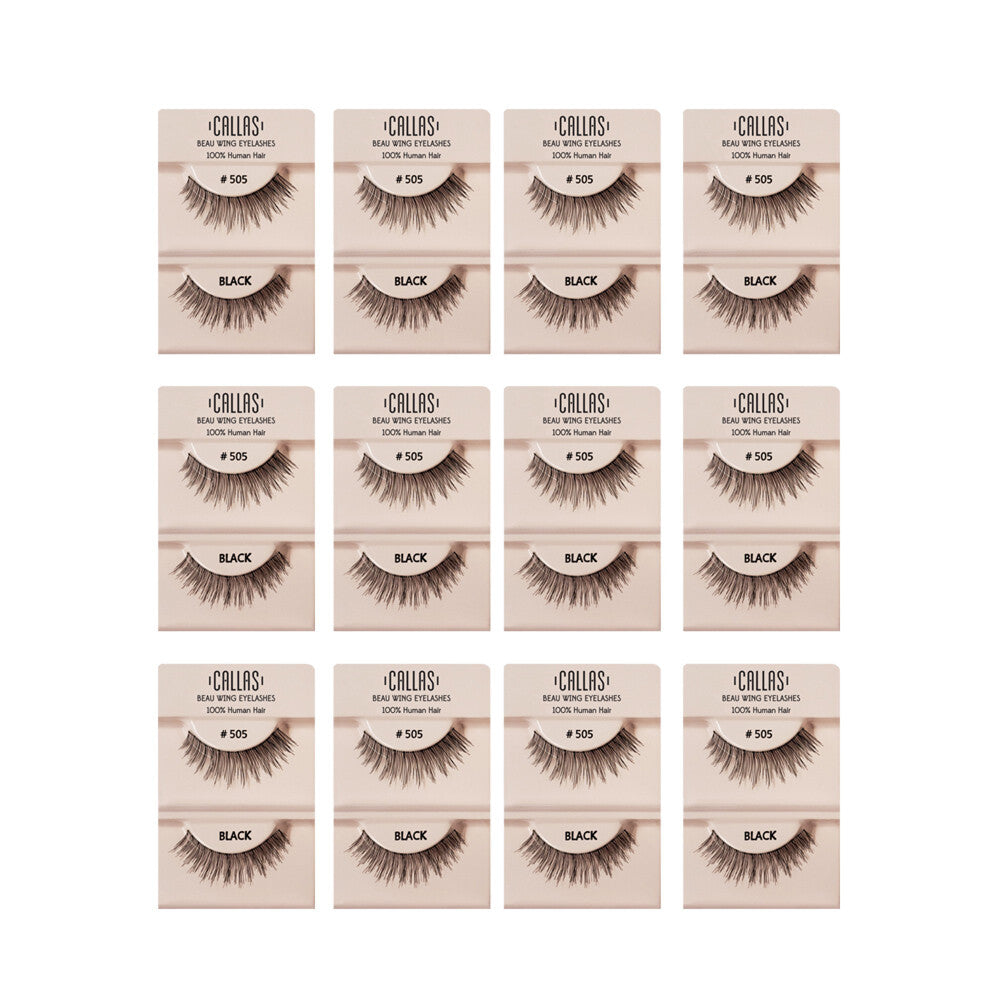 False Eyelashes 100% Human Hair Thick & Sexy Look - Callas Beau #505, 12 Sets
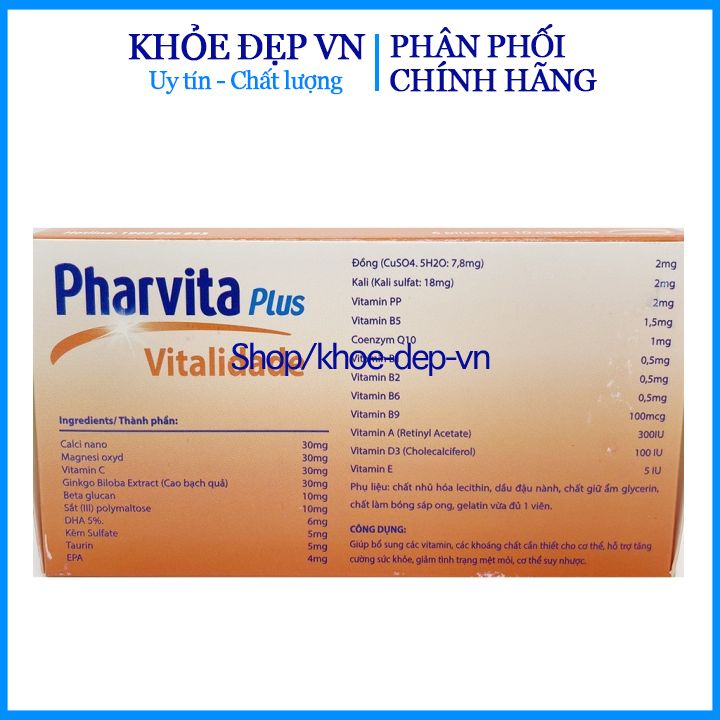 PHARVITA PLUS bổ sung Vitamin, Khoáng chất cần thiết cho cơ thể - Hộp 60v | Thế Giới Skin Care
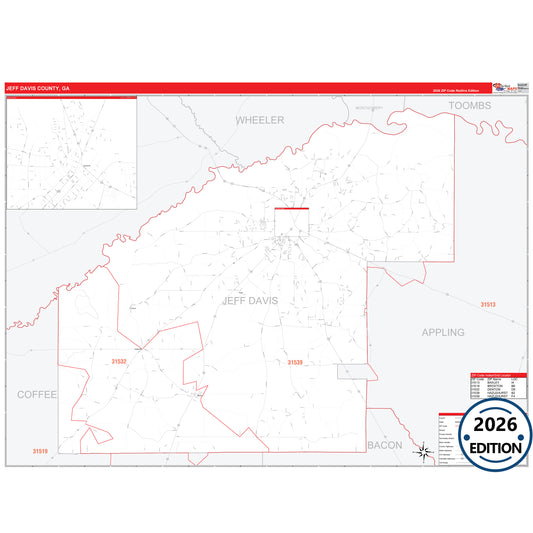 Jeff Davis County, GA Red Line 5 Digit ZIP Code Wall Map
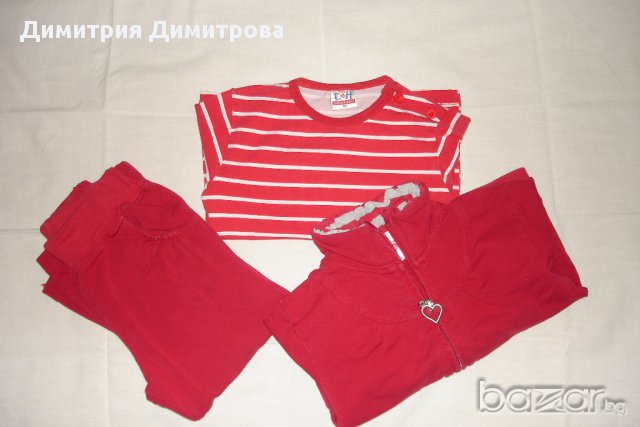 Страхотен червен анцунг + блузка подарък, снимка 1 - Бебешки блузки - 11365787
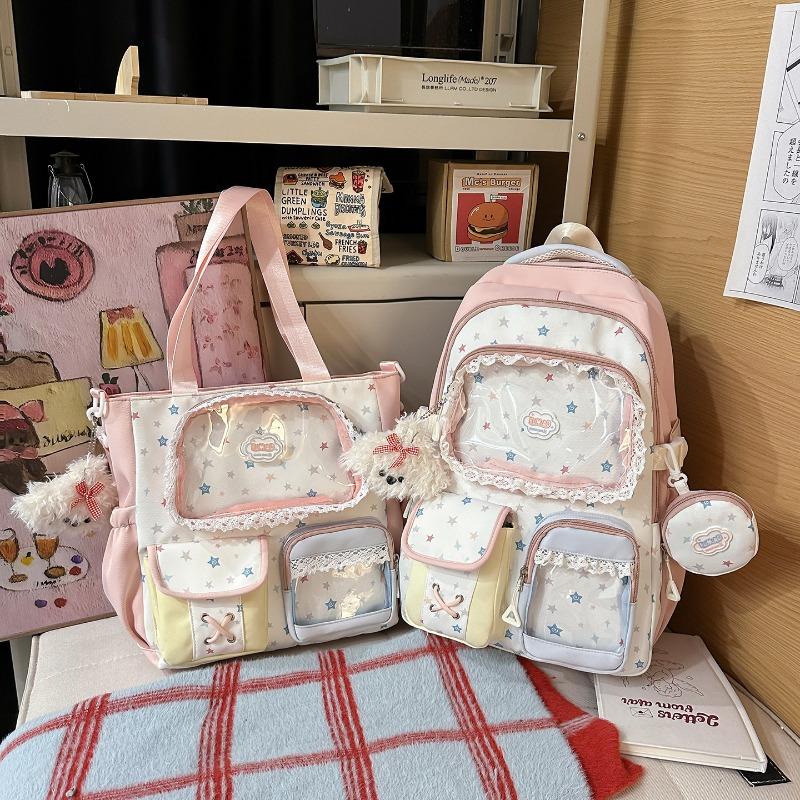Spring new color contrasting two-piece backpack for primary and secondary school students, high-value dopamine make-up bag for high school students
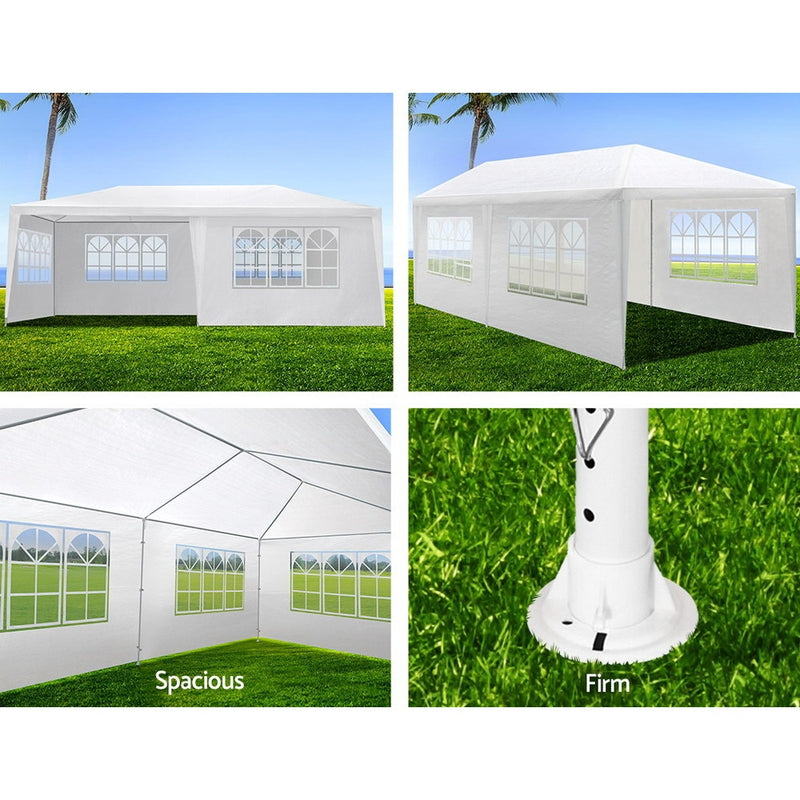 Gazebo 3x6m Outdoor Marquee Side Wall Party Wedding Tent Camping White 4 Panel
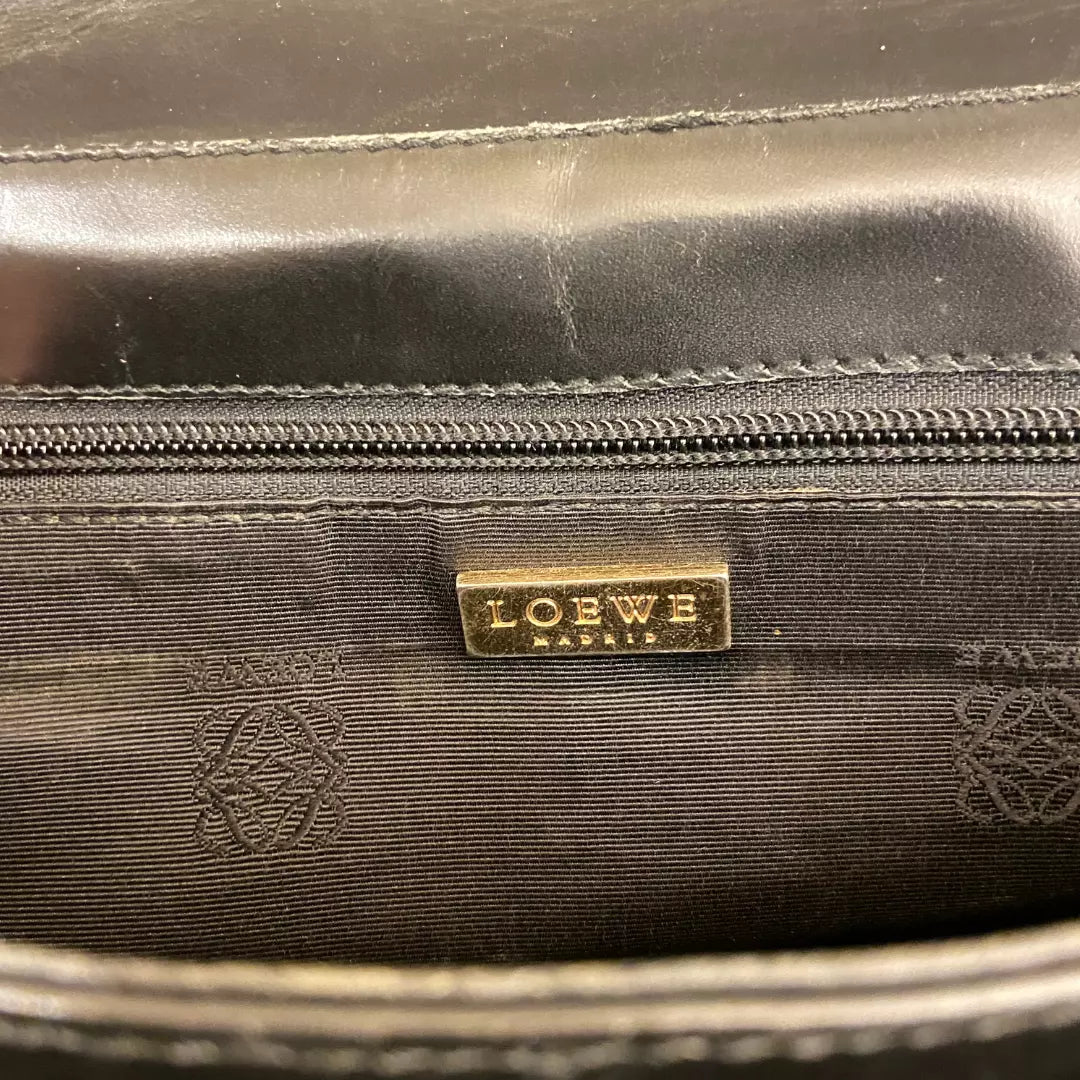 LOEWE BLACK LEATHER BANDOLIER BAG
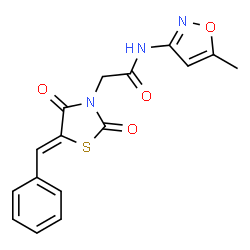 ChemSpider 2D Image | 2-[(5Z)-5-Benzylidene-2,4-dioxo-1,3-thiazolidin-3-yl]-N-(5-methyl-1,2-oxazol-3-yl)acetamide | C16H13N3O4S
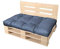 Pillows24 – Palettenkissen – Sitzfläche 120x80 | Palettenauflage für Palettensofa | Sitz- und Rückenkissen für Europaletten | Palettenmöbel Indoor & Outdoor, UV-beständig | Made in EU | Blau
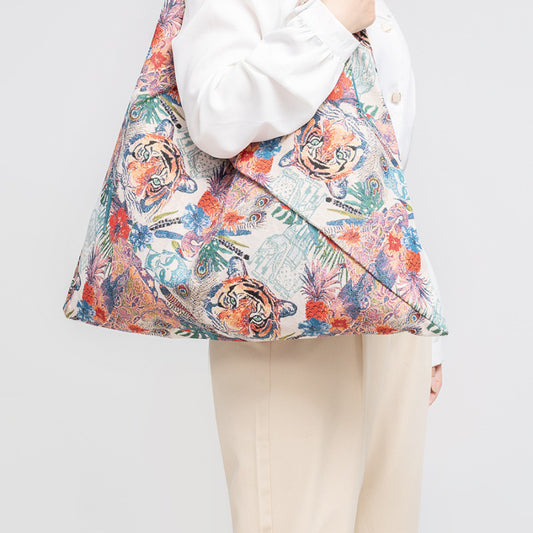 Women Bohemia Leopard Tiger Print Large Capacity Canvas Shoulder Bag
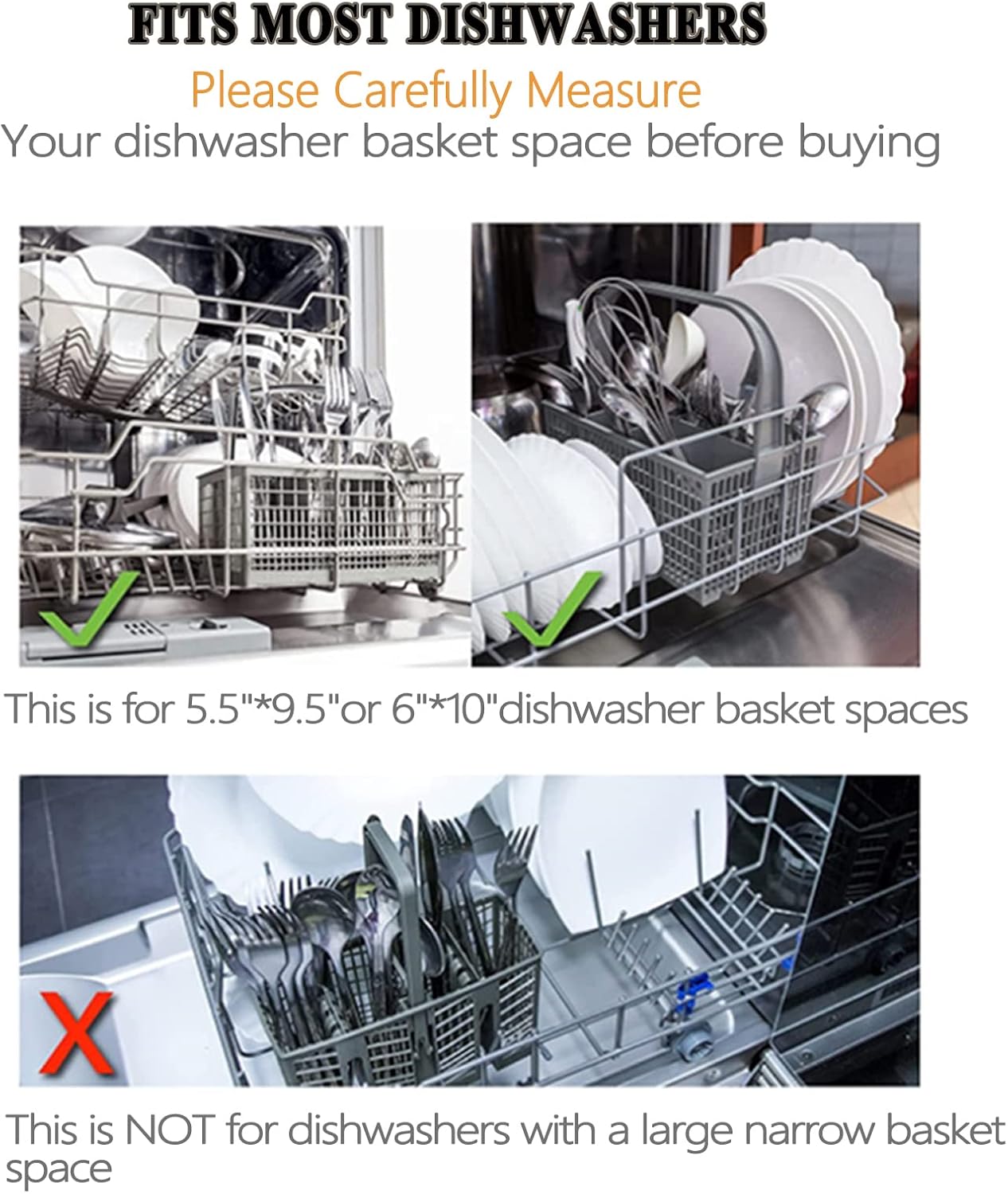 Universal Dishwasher Cutlery Basket, Multipurpose Dishwasher Basket Replacement, Dishwasher Utensil Basket fits for Various Dishwashers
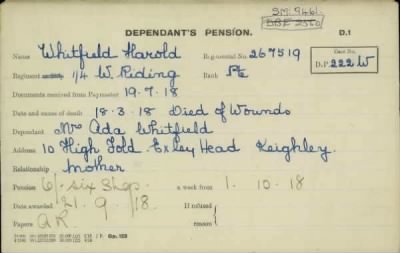 Thumbnail for 189/1000/WHI-WHI, Whitehouse J-Whiting D > Whitfield, Harold (267519)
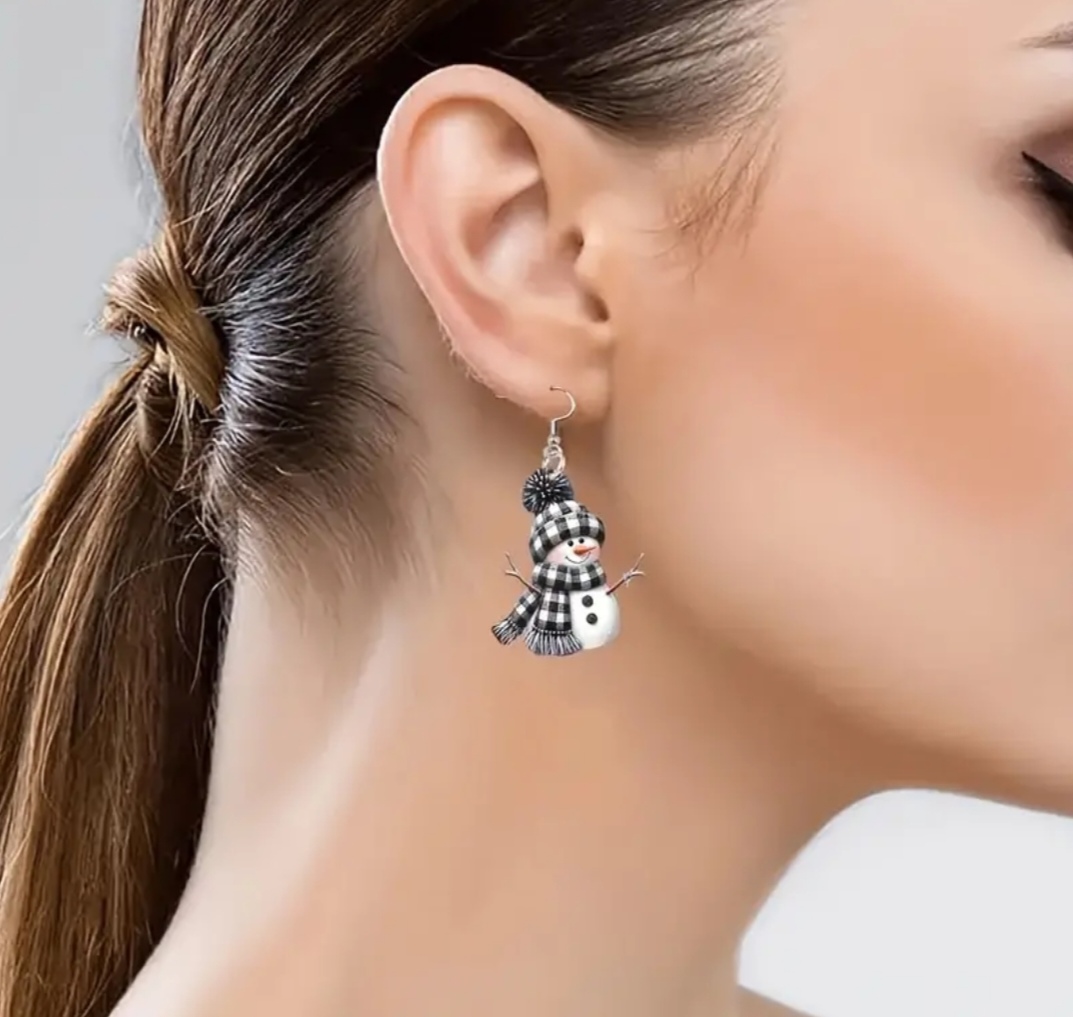 Tématické zimní náušnice sněhulák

▬▬▬

WHAT YOU NEED TO DO »
All entries should be given again exactly, except that pictures are to be excluded.

SOLUTION FOR THIS TASK »
 False Eyelashes 100% Human Hair Thick & Sexy Look - Callas Beau #505, 12 Sets
 PHARVITA PLUS bổ sung Vitamin, Khoáng chất cần thiết cho cơ thể - Hộp 60v | Thế Giới Skin Care
 Jeff Davis County, GA Red Line 5 Digit ZIP Code Wall Map
 Страхотен червен анцунг + блузка подарък, снимка 1 - Бебешки блузки - 11365787
Spring new color contrasting two-piece backpack for primary and secondary school students, high-value dopamine make-up bag for high school students
 Gazebo 3x6m Outdoor Marquee Side Wall Party Wedding Tent Camping White 4 Panel
 LOEWE BLACK LEATHER BANDOLIER BAG
 ChemSpider 2D Image | 2-[(5Z)-5-Benzylidene-2,4-dioxo-1,3-thiazolidin-3-yl]-N-(5-methyl-1,2-oxazol-3-yl)acetamide | C16H13N3O4S
 Pillows24 – Palettenkissen – Sitzfläche 120x80 | Palettenauflage für Palettensofa | Sitz- und Rückenkissen für Europaletten | Palettenmöbel Indoor & Outdoor, UV-beständig | Made in EU | Blau
 Women Bohemia Leopard Tiger Print Large Capacity Canvas Shoulder Bag
 Universal Dishwasher Cutlery Basket, Multipurpose Dishwasher Basket Replacement, Dishwasher Utensil Basket fits for Various Dishwashers
 Thumbnail for 189/1000/WHI-WHI, Whitehouse J-Whiting D > Whitfield, Harold (267519)
 Tématické zimní náušnice sněhulák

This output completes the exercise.